In Italy the Government is Lead by Adherents of a Strict Religious Group – The Result

A Legacy of Corruption

While the economic problems in Greece, Portugal and Spain have complex roots, the problems in Italy can be traced directly corruption and incompetence in government.

Since its regional election in 2010, Lombardy’s politics has seen a moral collapse. The last straw was the arrest of the head of housing, Domenico Zambetti, accused of aiding the Calabrian mafia, or ’Ndrangheta (see article). Soon afterwards, Roberto Formigoni, who has governed Lombardy for 17 years, dissolved its 80-seat assembly. An election is likely in January.

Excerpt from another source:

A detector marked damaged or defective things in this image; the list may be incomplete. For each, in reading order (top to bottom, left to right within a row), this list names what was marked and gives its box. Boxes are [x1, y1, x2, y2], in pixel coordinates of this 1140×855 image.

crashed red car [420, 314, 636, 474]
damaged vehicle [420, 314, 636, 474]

Mr Zambetti brought to 14 the number of regional lawmakers under investigation or arrest, on trial or in jail. All but one are members of Silvio Berlusconi’s People of Freedom (PdL) movement or of the Northern League, its coalition partner in Lombardy. Alleged offences include taking bribes, illegal party donations, fraud, embezzlement, fraudulent bankruptcy and incitement to violence. Nicole Minetti, a former television showgirl and dental hygienist allegedly supplied women for Mr Berlusconi’s “Bunga Bunga” parties, aiding and abetting prostitution. More regional parliamentarians are in trouble with the law in Lombardy than in Campania, the region around Naples.

The culprits are the partly some supposedly deeply religious folks.

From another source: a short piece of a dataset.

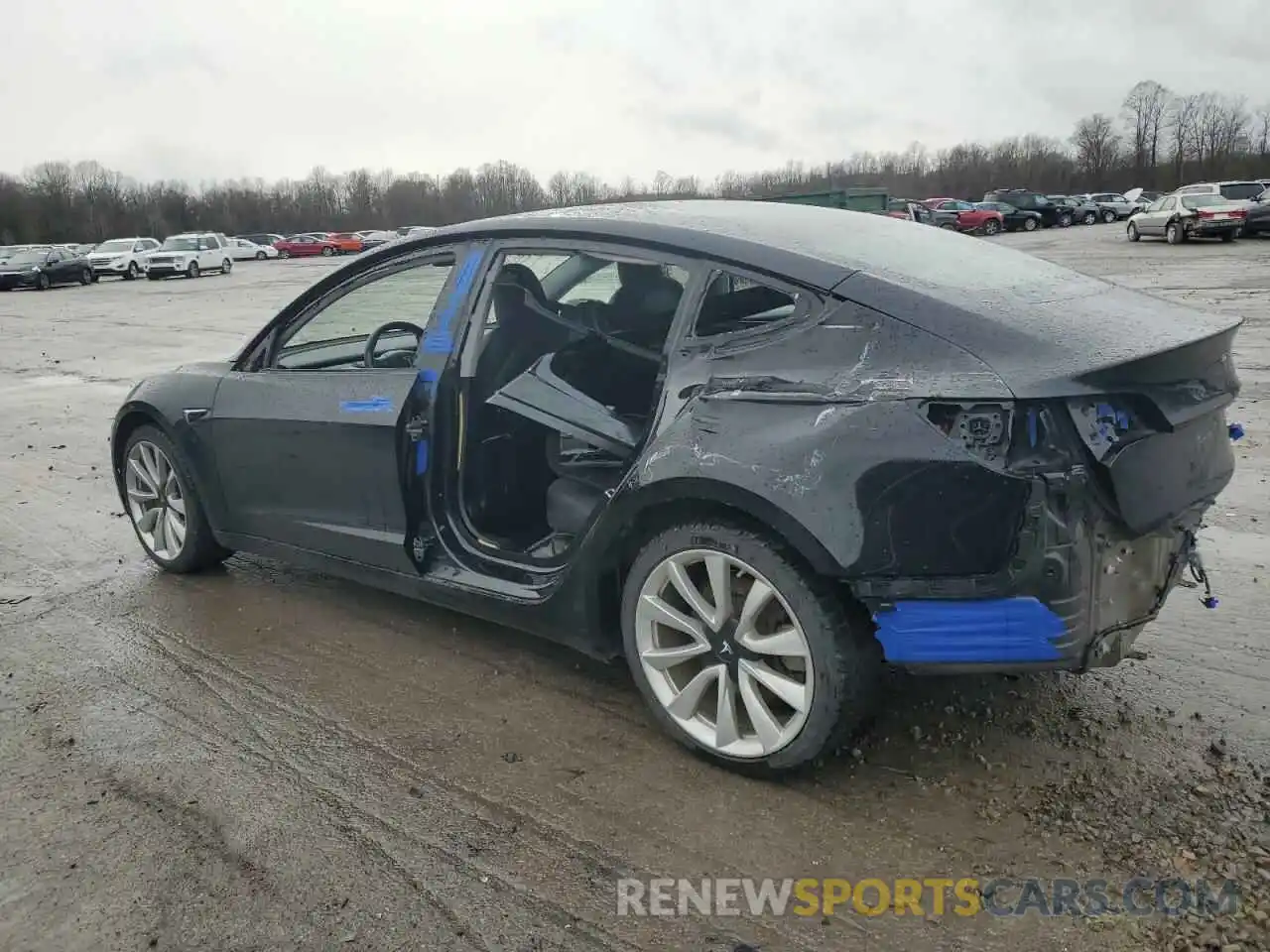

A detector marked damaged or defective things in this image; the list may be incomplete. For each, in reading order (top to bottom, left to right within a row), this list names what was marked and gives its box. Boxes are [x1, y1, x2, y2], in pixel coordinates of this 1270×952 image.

damaged tesla model 3 [109, 200, 1238, 774]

What makes this striking is that, since 1995, politics in Lombardy has been under the sway of a Catholic spiritual movement called Communion and Liberation (CL). Mr Formigoni, who is himself under investigation, is a leading member of CL, a group that grew up in reaction to the student uprisings of 1968. Its ventures include an annual meeting in Rimini at which speakers have included Nobel laureates and Mother Teresa.

Mr Formigoni belongs to the Memores Domini, an association of CL members who are meant to live by the values of fraternal love, obedience and poverty. Among the accusations levelled at him is that he accepted from a friend and businessman holidays at a luxurious Caribbean resort popular with Hollywood stars. Mr Formigoni denies this, claiming to have paid for the holidays himself.

And this is Italy so when a corrupt government leader is caught out, he just moves on to a higher office.

As for Mr Formigoni, he may be finished as governor. But he has talked of standing in next month’s primary to choose the PdL candidate for prime minister at next spring’s general election.